So Romans 6:8 is a kind of summary. The first part “dead with Christ” is what he taught in verses 5–7. That’s the crucified life. Our old man is dead. We’re freed from sin’s power. The second part, “we shall also live with him”, is the resurrected life, which is explained in the next verses. Christians live both: crucified with Christ and raised with Christ.

Being dead with Christ is not enough to answer the question, “How do I live now?” We live by the resurrected life.

Many Christians talk about Christ dying for them, but forget that He also lives for them. We can’t live the Christian life by only knowing the crucifixion. We must know the resurrection as well.

Romans 6:9, carrying on from what we just read in verse 8, says,

Knowing that Christ being raised from the dead dieth no more; death hath no more dominion over him.

 

Here’s where we notice that Paul keeps using the word “know“.

Under the law it was “do this and don’t do that,” but living under grace starts with what we know.

In verse 3 we see, “Know ye not…?” In verse 6 it’s “Knowing this…” In verse 9 it’s “Knowing that Christ…”

See, we can’t live for God until our mind is changed and we know something we didn’t know before.

That can only be changed by doctrine, God’s Word, God’s truth. God gave us His word so we can know first, then walk.

We wouldn’t know how to live for God unless we first know the things Paul teaches in Romans 6. Knowing comes before doing.

Later, in Romans 12:1–2, after Paul explains salvation, our identity, who we are in Christ, and God’s work with Israel, he finally talks about the practical side of how to live.

He says to present our body a living sacrifice and to be transformed by the renewing of our mind.

By Romans 12, that renewed mind has already been explained in chapters 5–8.

If we skip those chapters, we’ll think Paul’s teaching legalism, but he’s not. He’s teaching how to live by grace through the right understanding.

So Romans 6:9 says,

Knowing that Christ being raised from the dead…

 

We know, we’re fully persuaded in our mind that Christ rose from the dead. Paul talks about being fully persuaded in Acts, Romans and Timothy as do Matthew, Luke and Hebrews.

Without Christ rising from the dead there’d be no books of Matthew, Mark, Luke and John or Acts and there’d be no Paul. Paul met Christ only as the risen Lord, not in His earthly ministry.
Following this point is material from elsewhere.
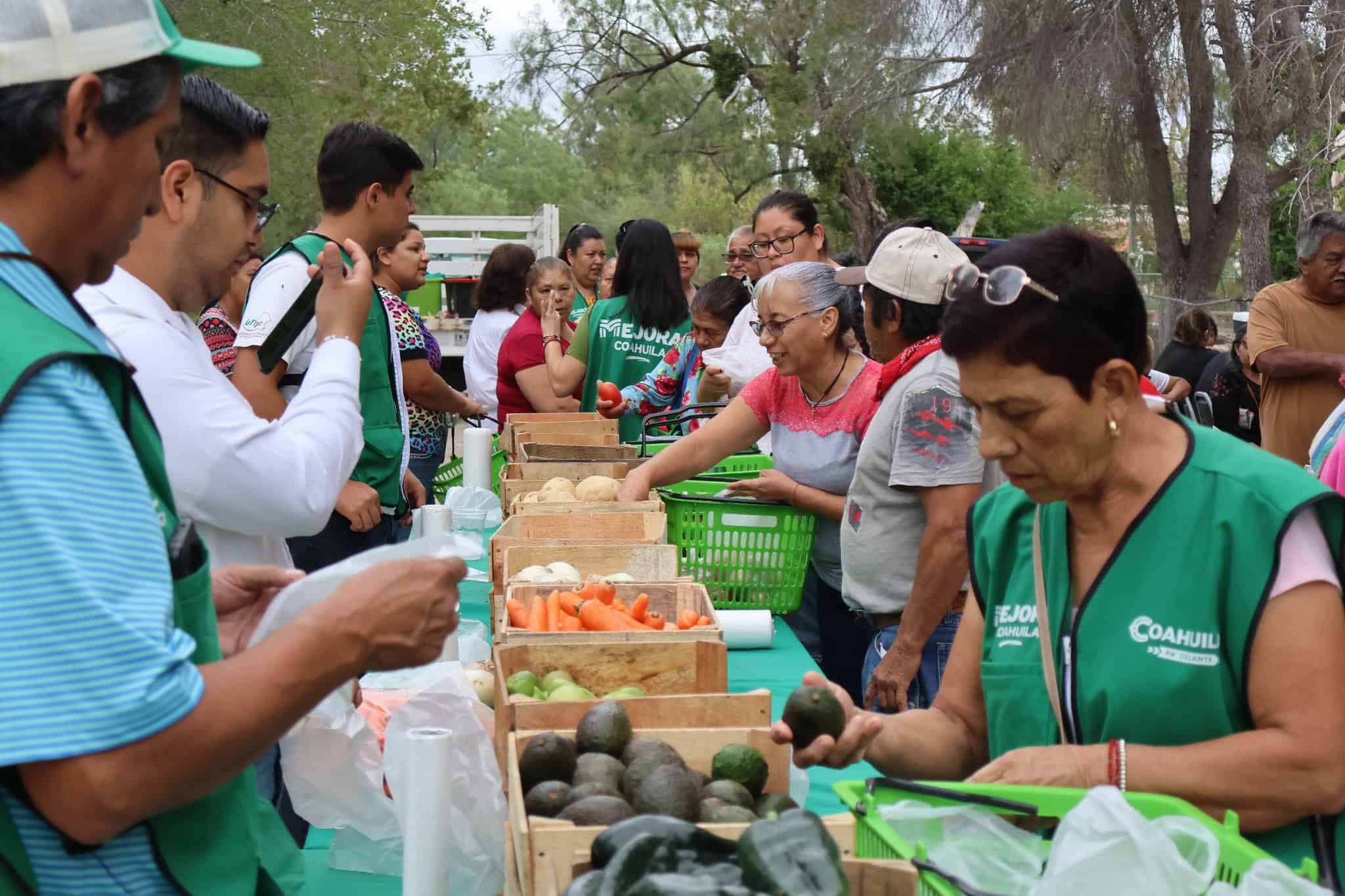 Llevan al ejido El Moral  el "Mercadito Mejora" con productos a bajo costo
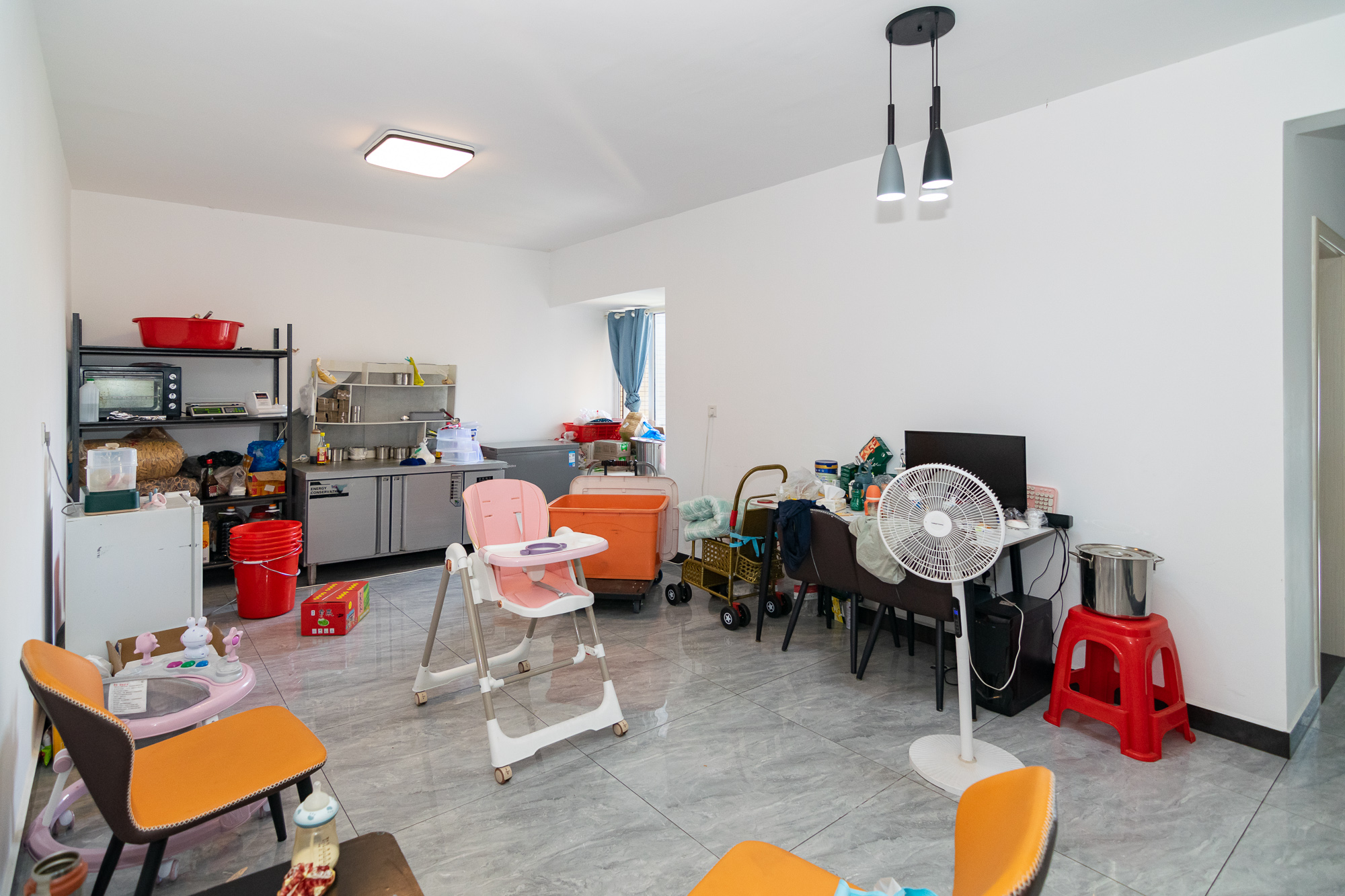 金地三千府(金地湖山樾、金地自在城) 3室2厅1卫 55.0万 金地三千府(金地湖山樾、金地自在城) 3室2厅1卫 55.0万客厅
In fact, if Christ never rose from the dead the entire Bible would be what many sceptics believe it to be, a worthless collection of fairy tales.

That’s why Paul says in 2 Corinthians 5:16 that we no longer know Christ “after the flesh.”

His whole ministry, every word in every epistle, comes from meeting Christ raised and glorified, not Christ walking on earth. That truth shapes everything Paul teaches.

When we say “Christ is risen,” we don’t just mean it was a past event. We mean He’s alive right now.

He rose bodily, ascended to heaven, and sits at God’s right hand. Romans 8:34 says He makes intercession for us.

Ephesians 1:18–23 says the same power that raised Christ is working in us, and that Christ is seated far above all powers, with all things under His feet.

Because we’re in Christ, our hope and our position are tied to His resurrection.

The nation of Israel had an earthly hope. We have a heavenly one, because Christ is in heaven now.

So when Romans 6:9 says Christ dieth no more; death hath no more dominion over him… that means eternal life. If He’ll never die again, He lives forever. And if we’re in Him, that’s our life as well. How do we live? We live with eternal life, the life Christ now has. If Christ were not risen, we’d have no hope at all — no salvation, no future, no hope, nothing to look forward to.

Colossians 3:1–3 says,

IF ye then be risen with Christ, seek those things which are above, where Christ sitteth on the right hand of God.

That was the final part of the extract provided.